Bitcoin Price Analysis: The Daily Chart
On the daily timeframe, the ascending channel continues to provide the macro framework, with the lower boundary rising toward $72k and the 100-day moving average also rising just above the same zone.
These two dynamic support elements are located closely and create a strengthening combined floor that closes in on the price every week. The asset has held above the $75k demand zone after getting tested in the past week, and the RSI has stabilized around 50, neither building momentum nor losing it.
The path forward requires a daily close above $80k and the declining 200-day moving average nearby, to build a bullish case again. Below, the support zone at $75k is the immediate support that could still get broken to the downside, which would then open the path toward the 100-day moving average and the lower boundary of the channel.
Ultimately, a daily close below $72k would be a significant structural damage that could put the entire recovery case in jeopardy, and would put the $60 demand zone back in scope.

BTC/USDT 4-Hour Chart
On the 4-hour chart, the price has bounced from the $75k–$76k order block and is now consolidating directly below the recent structural lower high at $78.2k. The RSI on this timeframe has also recovered from near oversold levels that were reached during the recent sell-off to the mid-50s. This suggests that the bounce has legs without yet generating the momentum needed to clear the resistance above.

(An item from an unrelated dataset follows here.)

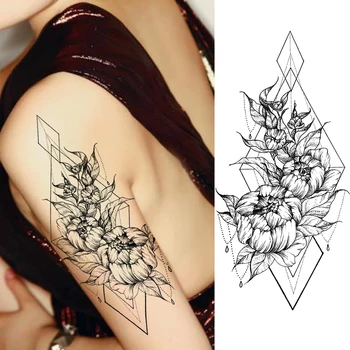 3D Krásna Čierna kvet Dočasné Tetovanie Pre Ženy Rose Tattoo Samolepky Pre Dievčatá Body Art Rameno Výkresy Falošné Šperky Tetovanie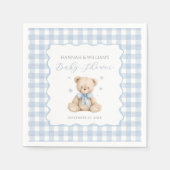 Blauwe Gingham Teddybeer Baby Shower Servetten (Voorkant)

The ascending daily channel’s structure is clean, with the floor located at $70k and the upper boundary is now around $83k, where the next critical resistance zone also sits.
A 4-hour close above $78k would be the first confirmation that the price is rebounding, with the bearish Fair Value Gap zone around $80k as the next area to fill before targeting the channel’s ceiling. Yet, failure to clear $78k and a drop below $75k could lead to a further decline toward the key $72k area in the coming weeks.

Sentiment Analysis
The funding rates have returned to a modest +0.004 after oscillating between slightly negative and slightly positive for the past two weeks. The important development is not the current reading in isolation but what it represents in context.
The deeply negative funding that powered the $60k to $80k recovery by providing constant short-squeeze fuel for every upward leg has been largely exhausted. The most recent negative bars have also been shallow, compared to the extremes of February and April.
What this means practically is that the $75k support is holding without the assistance of forced short liquidations, driving the bounce. That is a more credible test of support than anything seen during the short-squeeze-dominated rally. The level is being defended by buyers who are choosing to buy, not by shorts being forced to cover.
If funding oscillates near zero or remains modestly positive as price attempts to reclaim $80k, it would signal that organic long demand is beginning to replace short-squeeze mechanics as the driver, and historically, that transition has marked the point where recoveries become sustainable.